India’s Private Capex To Fall 16.5% to Rs 9.55 Lakh Crore in FY27: Govt Survey

Published on March 24, 2026

India’s private capital expenditure (capex) is projected to decline by 16.5% to Rs 9.55 lakh crore in the fiscal year 2026-27, according to a government survey released recently. This decrease underscores the cautious stance adopted evolving economic conditions and market uncertainties.

The survey indicates that many firms are choosing to rein in their investment budgets, primarily relying on internal funds rather than seeking external financing. This shift illustrates a growing trend where businesses are prioritizing their existing resources over new capital infusions, a reflection of heightened economic apprehensions.

Businesses are increasingly focusing on their core assets and essential upgrades rather than embarking on expansive, new projects. This strategy aims to enhance operational efficiency and reduce unnecessary expenditures in a volatile market landscape. Consequently, sectors that traditionally drive private investment may witness slower growth as firms recalibrate their priorities amid shifting economic realities.

Analysts suggest that the decline in private capex could have broader ramifications for overall economic growth.
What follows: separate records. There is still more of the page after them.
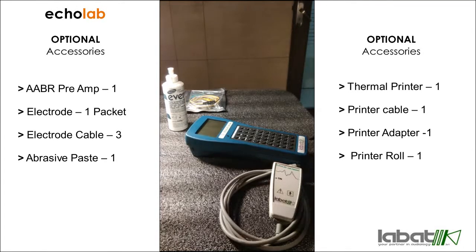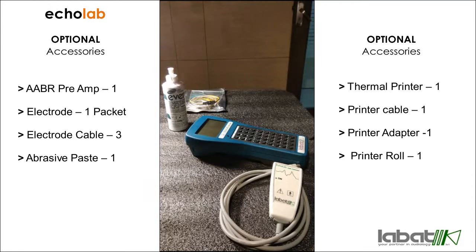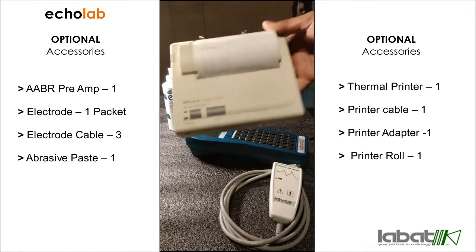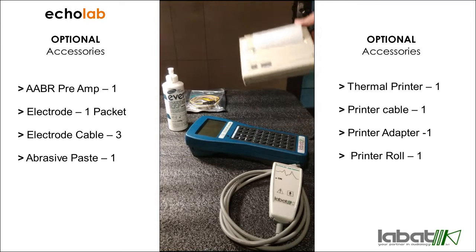You can take the printout using a thermal printer, so you get a thermal printer along with the Ecolab. Here it is, it comes with a paper roll that is inside the thermal printer.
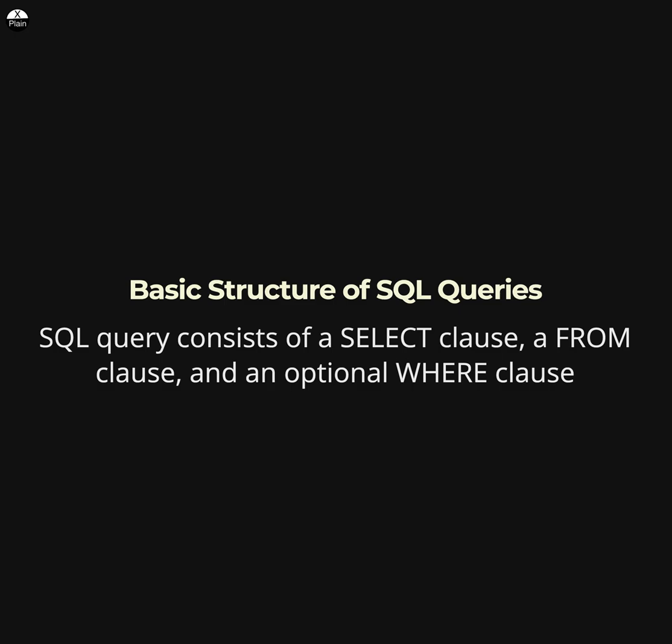Today we are going to talk about basic structure of SQL queries, part of a database management system course. The basic structure of an SQL query consists of a SELECT clause, a FROM clause, and an optional WHERE clause.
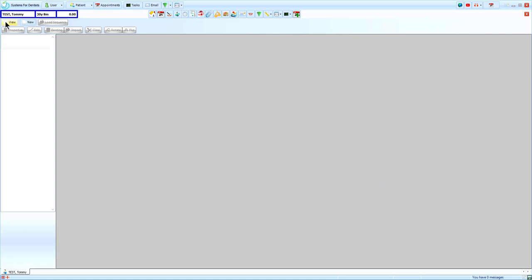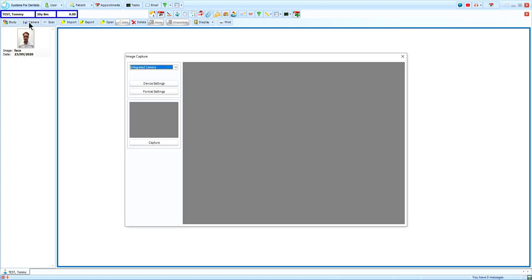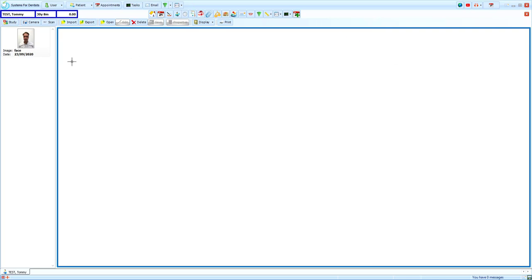By selecting view, we are able to return to the standard image view. Camera links to any camera you have set up on SFD, allowing you to capture images directly into the system.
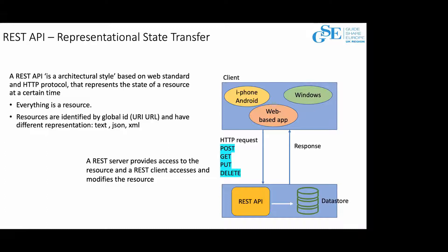The REST API establishes the content requested by the client — this is the call — and also the content established by the information provider — this is the answer. For instance, think about weather services. A user can send a request providing a postal code to know the weather in a specific area, and the service provider provides an answer that includes information such as the maximum and minimum temperature. So the answer provides all the information you can ask using a REST API request.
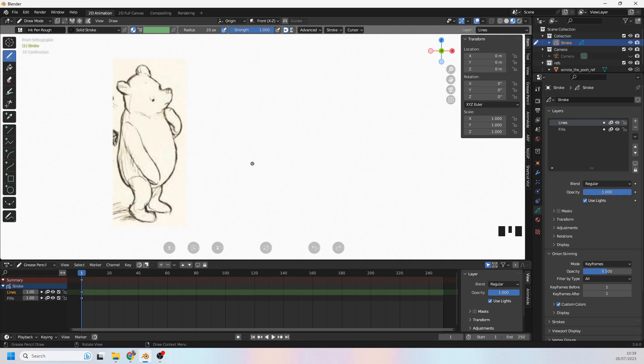Right. Now before we go any further with Winnie the Pooh, let's just talk about how the interpolation tool works in Blender because that's really what this is all about.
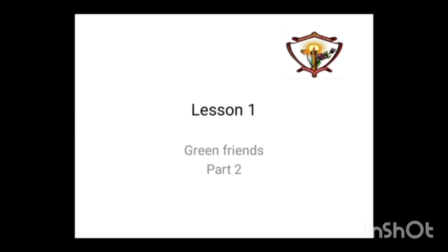Good morning children. Welcome to our e-learning class. Already in the last class we learned about the parts of a plant.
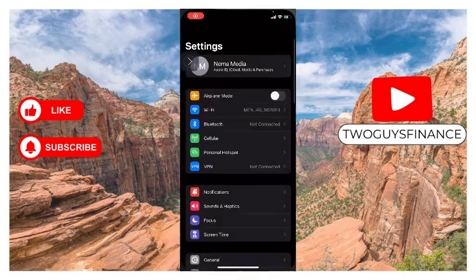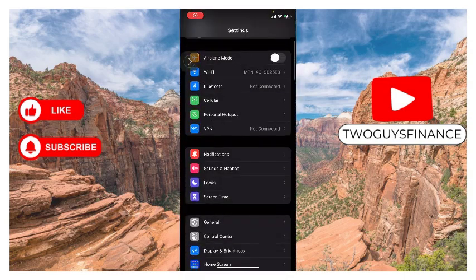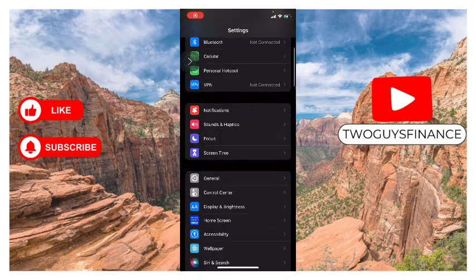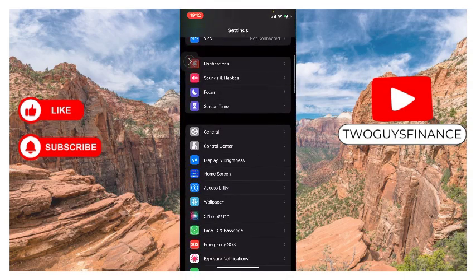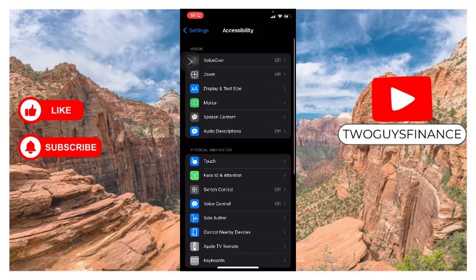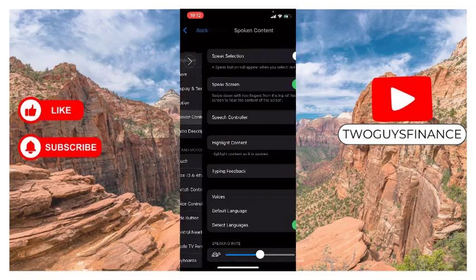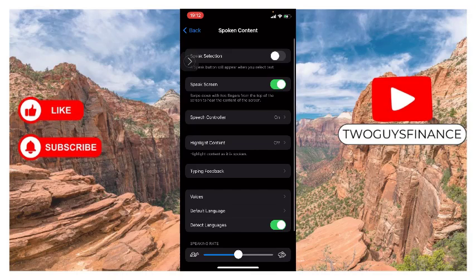First thing you do is tap on Settings, then scroll down to Accessibility and tap on it. Scroll down to Spoken Content under the Vision section and tap on it. In this section we have Speak Screen, and you can see the controller here.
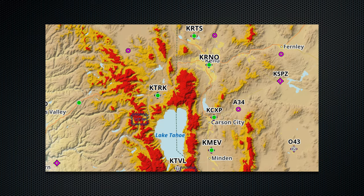All of my flight training was in the northern Sierra, as were most of my early excursions. Whether from familiarity or topography, it was always easy to spot the airport — just over that ridge and in the valley.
Historically, increased capital expenditure has been a significant driver of job creation and infrastructure development. If the trend towards reduced investment persists, it may hinder India’s capability to achieve its long-term growth targets.

The survey findings come at a time when the Indian economy is navigating various challenges, including rising inflation and global economic pressures. As companies reassess their investment strategies, policymakers may need to consider measures to stimulate confidence among businesses, encouraging them to look towards more aggressive expansion plans.

For stakeholders, the implications of this projected decline in private capital expenditure are substantial. Investors and economic planners will need to monitor these trends closely, as they may signal shifts in market dynamics and investment opportunities. As firms prioritize their fundamental assets and internal efficiencies, the focus on sustainable growth will become increasingly critical in the years ahead.